Task to carry out
Below are records; reproduce exactly the lines from the one that has "Yibuy 15mm Wide" through the one that has "Steampunk Brass Cogs", ends included, and nothing more.

··· Data shown

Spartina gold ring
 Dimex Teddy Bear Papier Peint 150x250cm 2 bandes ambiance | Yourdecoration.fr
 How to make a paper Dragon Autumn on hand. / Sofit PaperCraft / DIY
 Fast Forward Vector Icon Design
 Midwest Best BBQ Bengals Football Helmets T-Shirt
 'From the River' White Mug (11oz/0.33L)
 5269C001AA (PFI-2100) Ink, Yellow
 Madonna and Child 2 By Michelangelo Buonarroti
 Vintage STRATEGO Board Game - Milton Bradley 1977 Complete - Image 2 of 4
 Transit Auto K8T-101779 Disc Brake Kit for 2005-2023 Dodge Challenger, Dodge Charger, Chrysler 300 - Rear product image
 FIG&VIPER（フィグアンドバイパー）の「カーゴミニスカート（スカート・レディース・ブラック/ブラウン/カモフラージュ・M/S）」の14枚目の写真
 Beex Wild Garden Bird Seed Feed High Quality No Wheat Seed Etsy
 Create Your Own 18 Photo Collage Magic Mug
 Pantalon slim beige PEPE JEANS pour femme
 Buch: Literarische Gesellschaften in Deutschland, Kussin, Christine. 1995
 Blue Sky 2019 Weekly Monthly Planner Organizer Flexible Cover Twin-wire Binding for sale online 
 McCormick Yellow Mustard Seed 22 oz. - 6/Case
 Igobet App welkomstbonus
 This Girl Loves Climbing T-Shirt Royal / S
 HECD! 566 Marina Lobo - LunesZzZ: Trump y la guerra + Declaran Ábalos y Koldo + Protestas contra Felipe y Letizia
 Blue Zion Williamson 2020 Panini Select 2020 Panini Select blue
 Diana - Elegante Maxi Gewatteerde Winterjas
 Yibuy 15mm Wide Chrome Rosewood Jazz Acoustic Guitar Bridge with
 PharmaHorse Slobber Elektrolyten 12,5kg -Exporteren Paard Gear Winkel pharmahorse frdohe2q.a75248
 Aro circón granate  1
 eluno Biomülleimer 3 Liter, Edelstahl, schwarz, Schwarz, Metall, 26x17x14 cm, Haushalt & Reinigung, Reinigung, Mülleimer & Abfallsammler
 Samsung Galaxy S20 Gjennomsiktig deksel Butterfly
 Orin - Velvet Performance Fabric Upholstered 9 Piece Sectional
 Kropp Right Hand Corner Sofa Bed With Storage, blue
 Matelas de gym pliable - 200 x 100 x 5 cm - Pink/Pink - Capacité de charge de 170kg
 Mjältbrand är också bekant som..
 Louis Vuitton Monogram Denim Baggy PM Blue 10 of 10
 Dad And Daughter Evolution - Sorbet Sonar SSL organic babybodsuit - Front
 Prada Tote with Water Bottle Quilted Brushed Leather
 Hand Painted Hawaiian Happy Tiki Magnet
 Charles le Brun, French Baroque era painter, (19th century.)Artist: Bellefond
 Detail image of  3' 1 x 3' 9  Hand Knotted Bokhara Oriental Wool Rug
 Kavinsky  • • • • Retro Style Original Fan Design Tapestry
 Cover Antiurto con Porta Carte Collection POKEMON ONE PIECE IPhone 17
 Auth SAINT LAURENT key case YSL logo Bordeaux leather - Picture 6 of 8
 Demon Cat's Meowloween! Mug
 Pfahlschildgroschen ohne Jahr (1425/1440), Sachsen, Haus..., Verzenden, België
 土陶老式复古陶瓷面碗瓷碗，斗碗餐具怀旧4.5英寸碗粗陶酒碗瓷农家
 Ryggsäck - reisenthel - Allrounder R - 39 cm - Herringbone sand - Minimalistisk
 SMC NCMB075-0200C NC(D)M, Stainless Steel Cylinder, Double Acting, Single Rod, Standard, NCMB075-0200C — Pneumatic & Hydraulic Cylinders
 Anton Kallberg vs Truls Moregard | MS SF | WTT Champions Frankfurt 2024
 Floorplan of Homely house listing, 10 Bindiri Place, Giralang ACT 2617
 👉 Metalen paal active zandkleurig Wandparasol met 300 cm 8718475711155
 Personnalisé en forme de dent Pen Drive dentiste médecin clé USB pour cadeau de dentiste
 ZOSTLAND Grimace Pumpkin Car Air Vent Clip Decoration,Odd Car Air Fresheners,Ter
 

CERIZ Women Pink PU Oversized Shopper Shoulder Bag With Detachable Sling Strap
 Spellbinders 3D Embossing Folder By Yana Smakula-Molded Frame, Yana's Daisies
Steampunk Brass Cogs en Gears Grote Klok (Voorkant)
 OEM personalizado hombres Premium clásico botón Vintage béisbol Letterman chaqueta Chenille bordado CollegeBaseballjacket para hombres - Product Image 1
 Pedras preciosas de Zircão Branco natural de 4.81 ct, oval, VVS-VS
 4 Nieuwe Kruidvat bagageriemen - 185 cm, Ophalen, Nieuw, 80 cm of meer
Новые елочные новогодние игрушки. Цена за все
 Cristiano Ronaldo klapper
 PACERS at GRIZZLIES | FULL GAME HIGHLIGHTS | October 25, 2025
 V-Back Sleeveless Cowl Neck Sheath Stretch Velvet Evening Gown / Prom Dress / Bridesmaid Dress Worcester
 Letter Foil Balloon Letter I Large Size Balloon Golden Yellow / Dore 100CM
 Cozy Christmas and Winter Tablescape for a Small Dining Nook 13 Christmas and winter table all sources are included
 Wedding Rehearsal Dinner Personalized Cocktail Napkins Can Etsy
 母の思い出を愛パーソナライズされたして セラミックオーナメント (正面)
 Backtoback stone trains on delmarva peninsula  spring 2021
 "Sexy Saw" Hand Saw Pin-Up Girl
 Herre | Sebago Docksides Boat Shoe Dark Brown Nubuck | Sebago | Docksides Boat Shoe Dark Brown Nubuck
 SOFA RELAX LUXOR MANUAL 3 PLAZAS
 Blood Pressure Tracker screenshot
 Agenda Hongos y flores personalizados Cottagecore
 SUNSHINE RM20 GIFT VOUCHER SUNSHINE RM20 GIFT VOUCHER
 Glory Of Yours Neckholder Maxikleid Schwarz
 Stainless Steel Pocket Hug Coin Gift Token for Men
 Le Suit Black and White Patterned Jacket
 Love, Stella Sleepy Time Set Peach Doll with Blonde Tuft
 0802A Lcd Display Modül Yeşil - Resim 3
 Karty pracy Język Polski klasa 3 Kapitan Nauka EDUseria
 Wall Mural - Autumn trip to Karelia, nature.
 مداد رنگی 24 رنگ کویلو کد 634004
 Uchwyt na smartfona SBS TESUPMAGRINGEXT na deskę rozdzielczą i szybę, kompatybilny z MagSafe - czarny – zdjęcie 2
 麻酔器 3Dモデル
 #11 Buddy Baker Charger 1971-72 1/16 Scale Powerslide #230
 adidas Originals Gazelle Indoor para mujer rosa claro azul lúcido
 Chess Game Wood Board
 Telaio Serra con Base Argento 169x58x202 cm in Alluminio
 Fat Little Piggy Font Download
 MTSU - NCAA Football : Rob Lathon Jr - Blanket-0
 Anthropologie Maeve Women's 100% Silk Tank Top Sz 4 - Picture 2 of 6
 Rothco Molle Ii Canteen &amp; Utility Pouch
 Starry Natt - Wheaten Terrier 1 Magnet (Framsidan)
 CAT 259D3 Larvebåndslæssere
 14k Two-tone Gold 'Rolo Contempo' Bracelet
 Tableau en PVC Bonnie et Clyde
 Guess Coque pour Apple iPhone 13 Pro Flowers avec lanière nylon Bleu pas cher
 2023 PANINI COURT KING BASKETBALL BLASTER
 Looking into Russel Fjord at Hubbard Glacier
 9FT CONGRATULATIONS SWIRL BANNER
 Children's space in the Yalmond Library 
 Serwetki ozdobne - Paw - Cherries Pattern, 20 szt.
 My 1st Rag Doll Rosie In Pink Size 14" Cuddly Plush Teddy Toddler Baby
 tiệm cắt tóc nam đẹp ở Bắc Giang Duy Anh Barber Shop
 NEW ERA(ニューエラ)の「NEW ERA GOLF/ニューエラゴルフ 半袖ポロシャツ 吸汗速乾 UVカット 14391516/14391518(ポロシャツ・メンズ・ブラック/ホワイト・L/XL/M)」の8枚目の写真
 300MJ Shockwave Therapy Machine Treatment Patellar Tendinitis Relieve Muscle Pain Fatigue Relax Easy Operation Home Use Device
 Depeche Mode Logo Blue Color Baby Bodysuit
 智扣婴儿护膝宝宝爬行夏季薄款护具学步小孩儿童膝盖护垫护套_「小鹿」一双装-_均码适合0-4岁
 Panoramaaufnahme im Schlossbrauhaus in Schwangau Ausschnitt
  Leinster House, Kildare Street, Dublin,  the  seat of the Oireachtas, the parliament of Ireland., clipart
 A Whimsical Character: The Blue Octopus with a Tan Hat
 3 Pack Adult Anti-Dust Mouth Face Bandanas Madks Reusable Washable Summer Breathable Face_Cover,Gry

······

Result for this exercise
 Yibuy 15mm Wide Chrome Rosewood Jazz Acoustic Guitar Bridge with
 PharmaHorse Slobber Elektrolyten 12,5kg -Exporteren Paard Gear Winkel pharmahorse frdohe2q.a75248
 Aro circón granate  1
 eluno Biomülleimer 3 Liter, Edelstahl, schwarz, Schwarz, Metall, 26x17x14 cm, Haushalt & Reinigung, Reinigung, Mülleimer & Abfallsammler
 Samsung Galaxy S20 Gjennomsiktig deksel Butterfly
 Orin - Velvet Performance Fabric Upholstered 9 Piece Sectional
 Kropp Right Hand Corner Sofa Bed With Storage, blue
 Matelas de gym pliable - 200 x 100 x 5 cm - Pink/Pink - Capacité de charge de 170kg
 Mjältbrand är också bekant som..
 Louis Vuitton Monogram Denim Baggy PM Blue 10 of 10
 Dad And Daughter Evolution - Sorbet Sonar SSL organic babybodsuit - Front
 Prada Tote with Water Bottle Quilted Brushed Leather
 Hand Painted Hawaiian Happy Tiki Magnet
 Charles le Brun, French Baroque era painter, (19th century.)Artist: Bellefond
 Detail image of  3' 1 x 3' 9  Hand Knotted Bokhara Oriental Wool Rug
 Kavinsky  • • • • Retro Style Original Fan Design Tapestry
 Cover Antiurto con Porta Carte Collection POKEMON ONE PIECE IPhone 17
 Auth SAINT LAURENT key case YSL logo Bordeaux leather - Picture 6 of 8
 Demon Cat's Meowloween! Mug
 Pfahlschildgroschen ohne Jahr (1425/1440), Sachsen, Haus..., Verzenden, België
 土陶老式复古陶瓷面碗瓷碗，斗碗餐具怀旧4.5英寸碗粗陶酒碗瓷农家
 Ryggsäck - reisenthel - Allrounder R - 39 cm - Herringbone sand - Minimalistisk
 SMC NCMB075-0200C NC(D)M, Stainless Steel Cylinder, Double Acting, Single Rod, Standard, NCMB075-0200C — Pneumatic & Hydraulic Cylinders
 Anton Kallberg vs Truls Moregard | MS SF | WTT Champions Frankfurt 2024
 Floorplan of Homely house listing, 10 Bindiri Place, Giralang ACT 2617
 👉 Metalen paal active zandkleurig Wandparasol met 300 cm 8718475711155
 Personnalisé en forme de dent Pen Drive dentiste médecin clé USB pour cadeau de dentiste
 ZOSTLAND Grimace Pumpkin Car Air Vent Clip Decoration,Odd Car Air Fresheners,Ter
 

CERIZ Women Pink PU Oversized Shopper Shoulder Bag With Detachable Sling Strap
 Spellbinders 3D Embossing Folder By Yana Smakula-Molded Frame, Yana's Daisies
Steampunk Brass Cogs en Gears Grote Klok (Voorkant)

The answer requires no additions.